#### SUPPLIED MATERIAL:
....
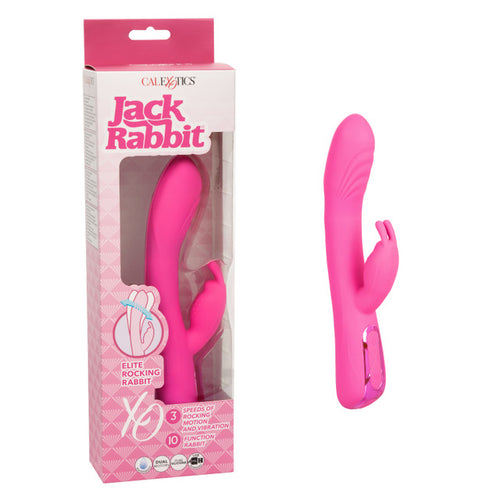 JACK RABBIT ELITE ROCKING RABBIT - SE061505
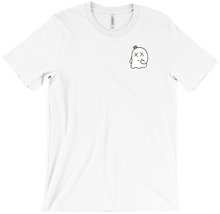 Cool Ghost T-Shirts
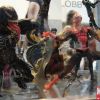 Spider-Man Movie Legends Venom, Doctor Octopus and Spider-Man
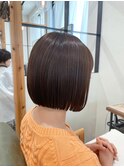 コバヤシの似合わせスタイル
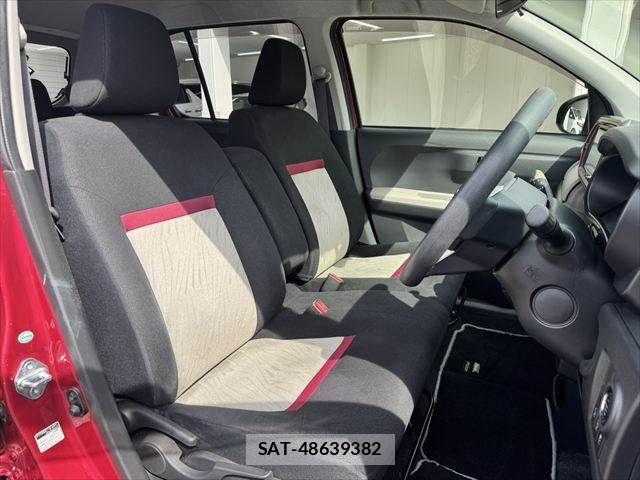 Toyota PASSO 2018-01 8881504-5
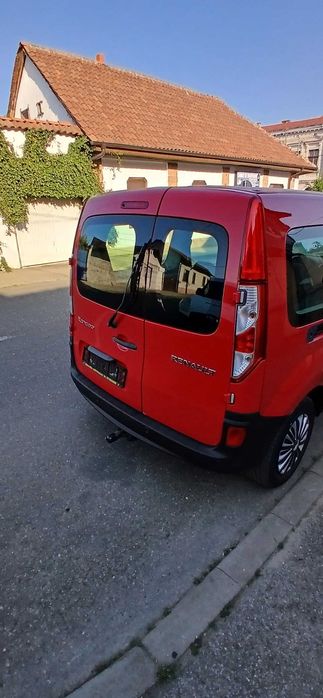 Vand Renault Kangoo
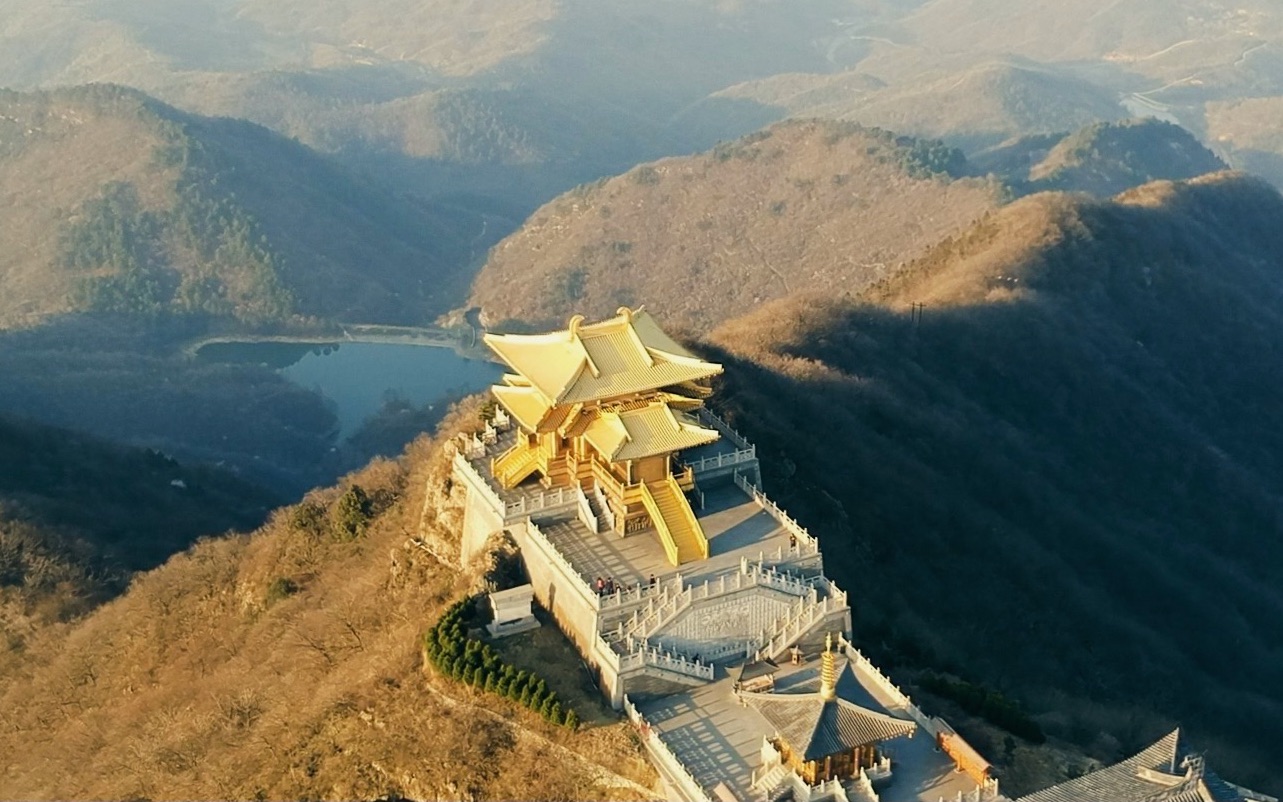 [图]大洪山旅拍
....
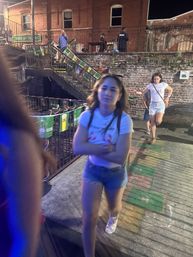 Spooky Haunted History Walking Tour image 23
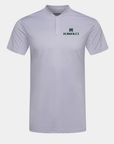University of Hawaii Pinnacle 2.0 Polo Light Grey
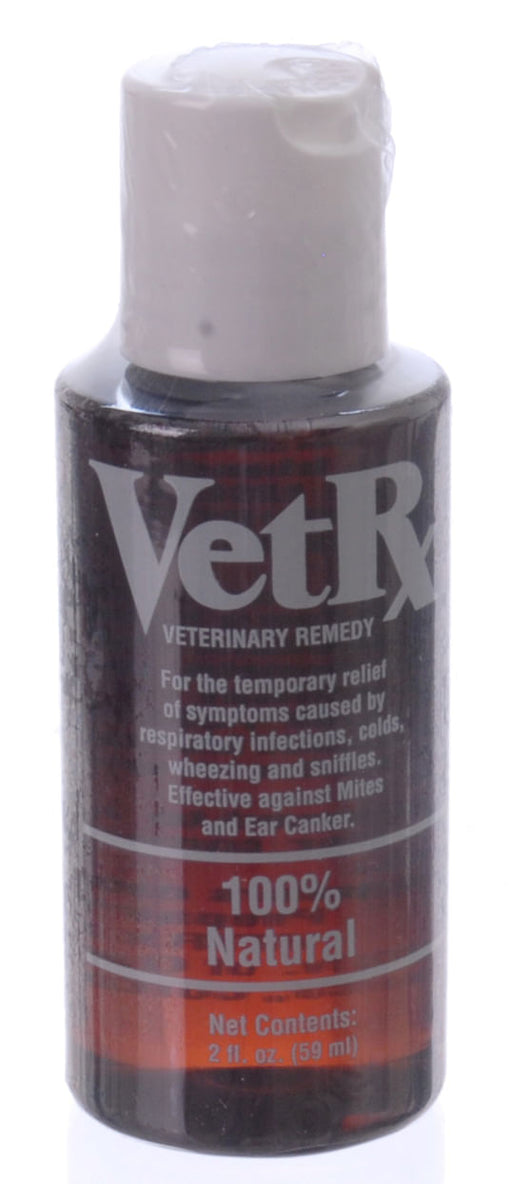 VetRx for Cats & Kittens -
....
Copy the entries above exactly, but only the stretch from the line containing "University of Hawaii" through the line containing "VetRx for Cats". Keep both end lines; drop the pictures.

University of Hawaii Pinnacle 2.0 Polo Light Grey
 VetRx for Cats & Kittens -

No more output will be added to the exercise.